A statement in CCA’s 2010 report read: “The demand for our facilities and services could be adversely affected by the relaxation of enforcement efforts, leniency in conviction or parole standards and sentencing practices, or through the decriminalization of certain activities that are…proscribed by our criminal laws.”

Bloomberg.com reported that CCA “owns and runs 49 prisons, manages another 18 and leases 2, as of June 30. The federal government provided almost 43 percent of the company’s $1.76 billion of revenue in 2012, according to its annual report.”

However, over the past month, CCA has experienced ups and downs and is leaving Idaho.
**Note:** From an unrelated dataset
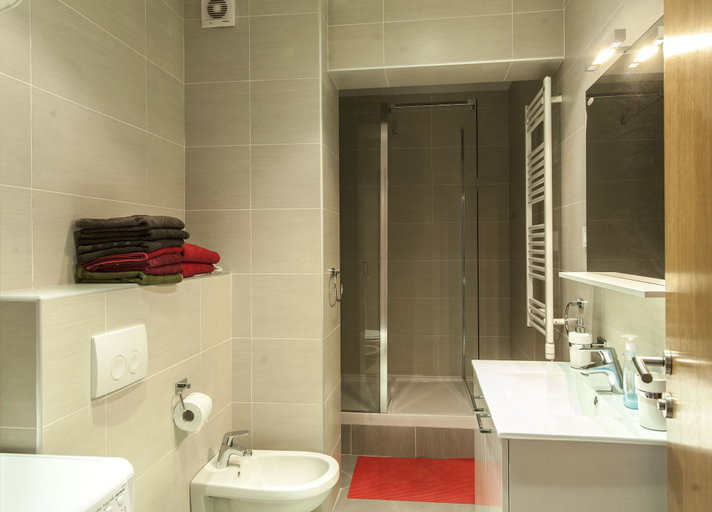 Bathroom 3, Vila Petrovic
According to the Associated Press, “The decision comes after the company wrestled with scandal and lawsuits.” Meanwhile, both CCA and Geo Group Inc. stand to benefit from California Governor Jerry Brown’s proposal to reduce prison overcrowding mandated by a decades-long lawsuit and federal consent decree. Bloomberg. com’s Michael B. Marois reported in early September that, “Brown seeks to spend $315 million in the year that ends June 30 and an estimated $415 million annually for 2 more years to remove 12,500 inmates from state penitentiaries.

The plan calls for leasing a [CCA] prison in the Mojave Desert, shipping more inmates to private lockups out of state, and renting beds at public and private jails in California.” Bloomberg. com pointed out that California is CCA’s “biggest state customer and accounted for 12 percent of revenue—or $214.8 million, in 2012—according to corporate filings.”

Geo, America’s second biggest private prison company, contracts with California “to confine parole violators at a 625-bed dormitory-style lockup in McFarland, 135 miles…north of Los Angeles,” Bloomberg noted. While there was talk about California terminating that contract, “Under the governor’s plan, the state would lease as many as 1,225 beds in 2 of Geo’s facilities in California that were shuttered when the state canceled earlier contracts.”

The private prison industry is counting on cash-strapped state and local governments bowing to their bed guarantee demands. Even in states where criminal activity and the prison population have been markedly reduced, private prison corporations continue to demand bed guarantee provisions in their contracts.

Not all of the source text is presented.